On October 14, 2018, I lost my dad. He was 88 years old and was in terrible pain. Although we feel a sense of relief that he is no longer suffering, the sorrow is still there. I’m sure many of you understand this from personal experience.
What followed was a flurry of activity and distraction. The next week, I was busy with funeral arrangements, the visitation and funeral service, answering condolence messages on Facebook, reading condolence cards, and speaking to many people who stopped by my room to say they were sorry and ask how I was doing. Each day seemed to slip by without prayer and scripture, and this was a time I really needed it. By the weekend, I felt empty. My desert-like heart needed to be watered by God’s love and comfort.
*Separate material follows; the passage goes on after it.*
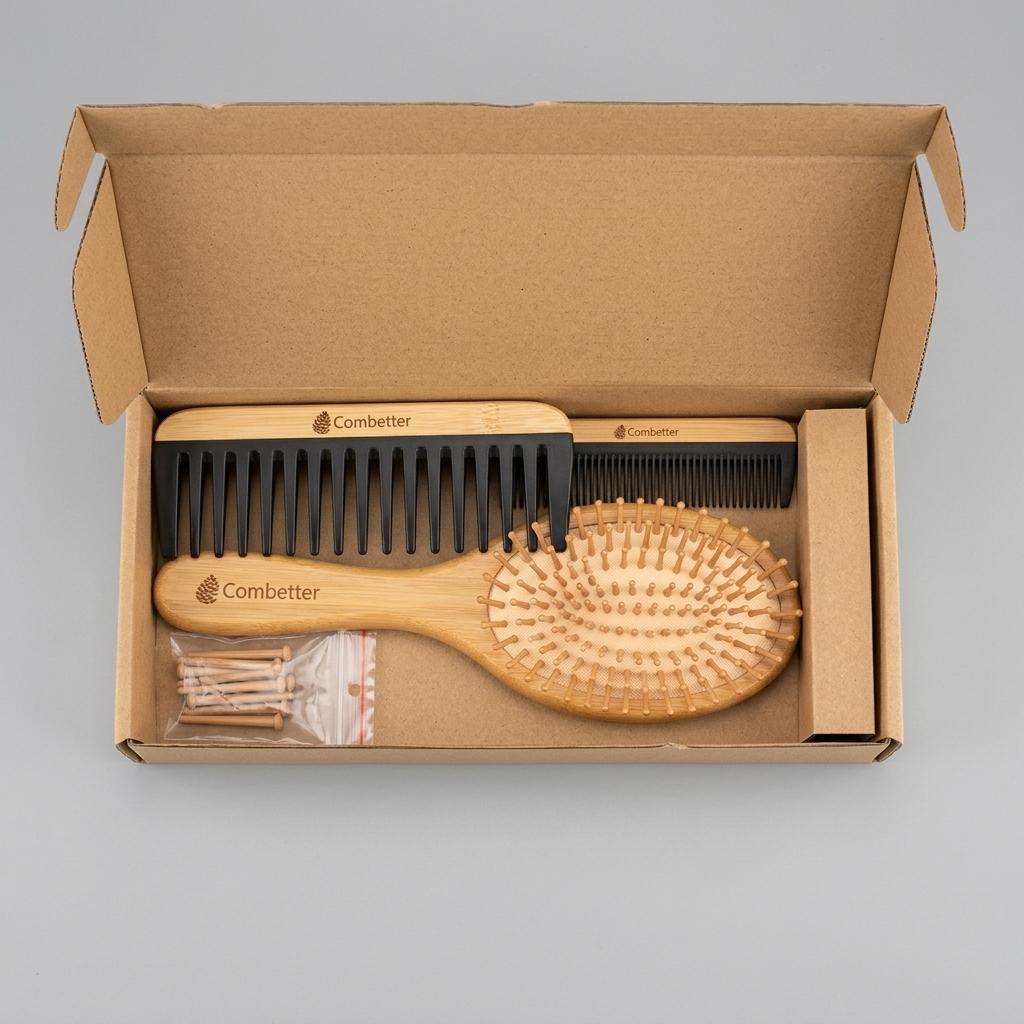 Bamboo Hair Brush and Comb Set for Hair Growth & Scalp Massager Natural Bamboo Hair Brush& Combs Set– Detangling Hair Comb Set 3PC for All Hair Types, Great for Women, Men & Kids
Luke 8: 14 The seed that fell among thorns stands for those who hear, but as they go on their way they are choked by life’s worries, riches and pleasures, and they do not mature.
I was choked, overwhelmed and numb. After all, I had visited with this man almost every day for the last year and a half while he slowly declined in health and dementia. After he spent most of his lifetime taking care of me, I was taking care of him. It was so emotionally painful. Every fiber in my being wanted to take oxycodone so I could blissfully fly away from these feelings if for just an hour or two. Those who have read my blog before know that I’ve struggled with addiction most of my life and that would’ve been a death trap.
Psalm 23: 1 The Lord is my shepherd, I lack nothing. 2 He makes me lie down in green pastures, he leads me beside quiet waters, 3 he refreshes my soul. 3 He guides me along the right paths for his name’s sake. 4 Even though I walk through the darkest valley, I will fear no evil, for you are with me; your rod and your staff, they comfort me.
The world gives me worries to distract and discourage me, but the Lord is my shepherd, my protector, my guide. I am not led by the evil spirit of this world when I am reaching out to and following God. When I reach out for help, I am able to lie down in the green pastures of rest, and led to the soothing peace of quiet waters.
God refreshes my soul (v.2). He will always bring me back from my hiatus from him, regardless of how long I’ve been away; and as verse 3 says, even though I walk through the darkest valley, he is still with me! This very Psalm lifted the hovering dark cloud when I was feeling so down and drained.
Matthew 11: 28 “Come to me, all you who are weary and burdened, and I will give you rest. 29 Take my yoke upon you and learn from me, for I am gentle and humble in heart, and you will find rest for your souls.
I so needed rest. I didn’t need some in-depth Bible study, nor did I need an hour-long prayer each day to prove to God how much I desired to be healed. I needed simple prayers and simple verses to get rest for my soul. I did just that and I was less weary and burdened.
Psalm 51: 10 Create in me a pure heart, O God, and renew a steadfast spirit within me. 11 Do not cast me from your presence or take your Holy Spirit from me. 12 Restore to me the joy of your salvation and grant me a willing spirit, to sustain me.